Country Hiring Guidelines: GitLab hires new team members in countries around the world. All of our roles are remote, however some roles may carry specific location-based eligibility requirements. Our Talent Acquisition team can help answer any questions about location after starting the recruiting process.
Privacy Policy: Please review our Recruitment Privacy Policy. Your privacy is important to us.
GitLab is proud to be an equal opportunity workplace and is an affirmative action employer. GitLab’s policies and practices relating to recruitment, employment, career development and advancement, promotion, and retirement are based solely on merit, regardless of race, color, religion, ancestry, sex (including pregnancy, lactation, sexual orientation, gender identity, or gender expression), national origin, age, citizenship, marital status, mental or physical disability, genetic information (including family medical history), discharge status from the military, protected veteran status (which includes disabled veterans, recently separated veterans, active duty wartime or campaign badge veterans, and Armed Forces service medal veterans), or any other basis protected by law. GitLab will not tolerate discrimination or harassment based on any of these characteristics. See also GitLab’s EEO Policy and EEO is the Law. If you have a disability or special need that requires accommodation, please let us know during the recruiting process.

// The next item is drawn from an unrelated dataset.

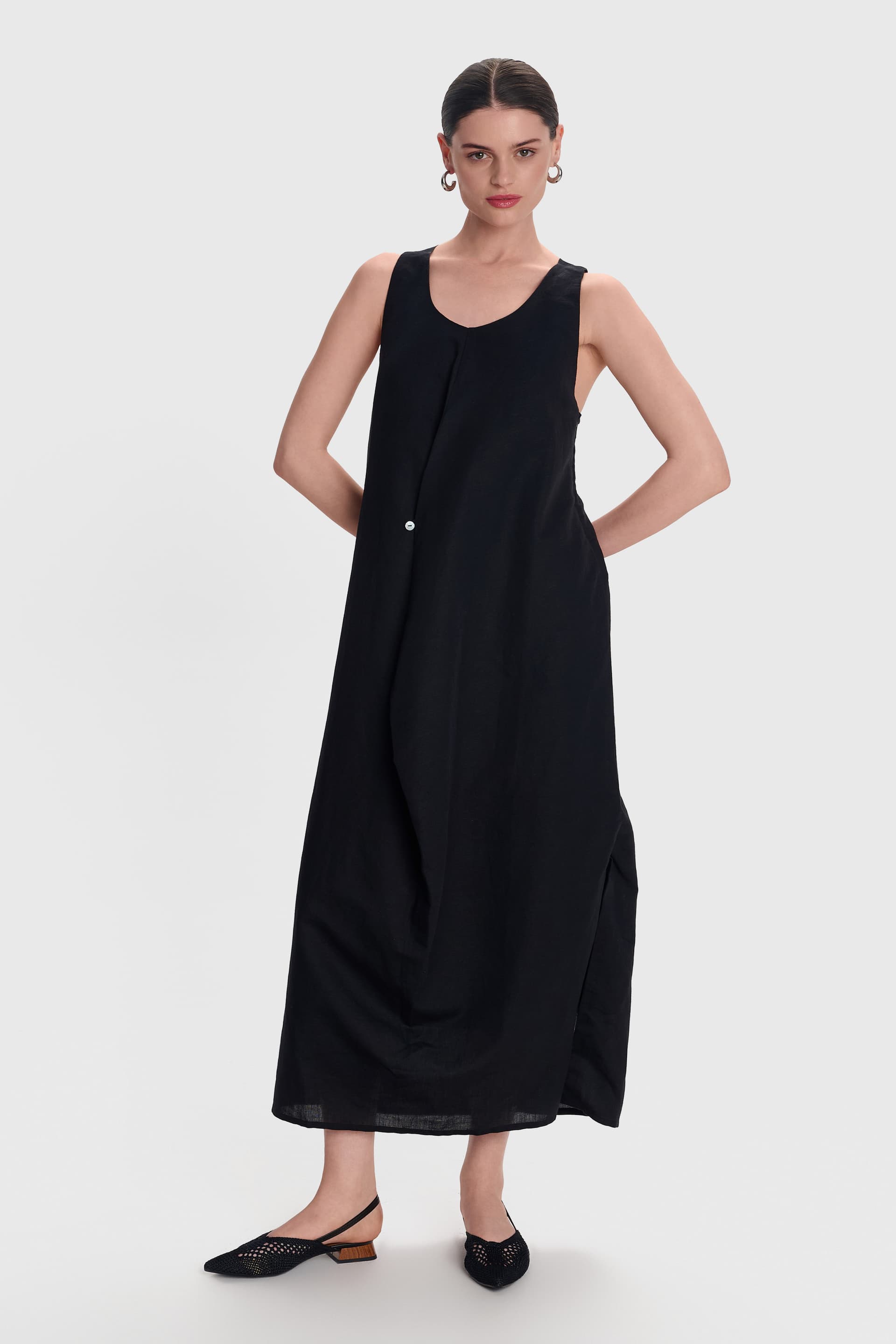 Φόρεμα μίντι λινό με σκίσιμο - Μαύρο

We're the company behind GitLab, The DevSecOps Platform for software innovation.
What started in 2011 as an open source project to help one team of programmers collaborate is now the platform millions of people use to deliver software faster, more efficiently, while strengthening security and compliance.
Since the beginning, we've been firm believers in remote work, open source, DevOps, and iteration. We get up and log on in the morning (or whenever we choose to start our days) to work alongside the GitLab community to deliver new innovations every month that help teams focus on shipping great code faster, not their toolchain.